My Hull Science Festival Demo: How do AIs understand text?
Hello there! On Saturday 9th September 2023, I was on the supercomputing stand for the Hull Science Festival with a cool demo illustrating how artificial intelligences understand and process text. Since then, I've been hard at work tidying that demo up, and today I can announce that it's available to view online here on my website!
This post is a general high-level announcement post. A series of technical posts will follow on the nuts and bolts of both the theory behind the demo and the actual code itself and how its put together, because it's quite interesting and I want to talk about it.
I've written this post to serve as a foreword / quick explanation of what you're looking at (similar to the explanation I gave in person), but if you're impatient you can just find it here.
All AIs currently developed are essentially complex parametrised mathematical models. We train these models by updating their parameters little by little until the output of the model is similar to the output of some ground truth label.
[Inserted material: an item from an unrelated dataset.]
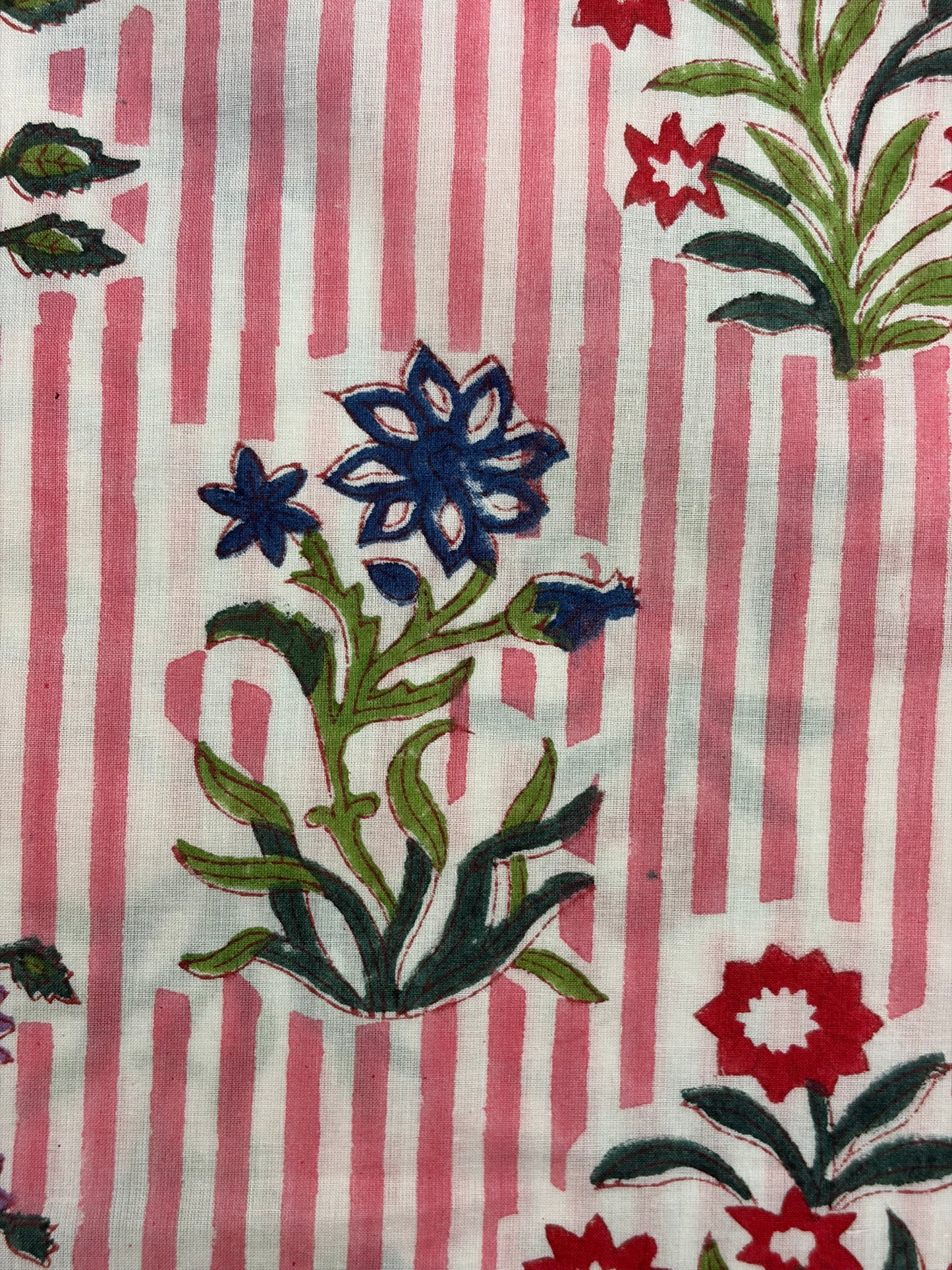 100% Cotton Hand Block Print Stripe Fabric | Flor100% Cotton Hand Block Print Floral Stripe Fabric | Jaipur Printed Cotton Dress Material | Botanical Cotton Fabric Manufacturer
In other words, and AI is just a bunch of maths. So how does it understand text? The answer to this question lies in converting text to numbers - a process often called 'word embedding'.
This is done by splitting an input sentence into words, and then individually converting each word into a series of numbers, which is what you will see in the demo at the link below - just convert with some magic to 3 dimensions to make it look fancy.
Similar sorts of words will have similar sorts of numbers (or positions in 3D space in the demo). As an example here, at the science festival we found a group of footballers, a group of countries, and so on.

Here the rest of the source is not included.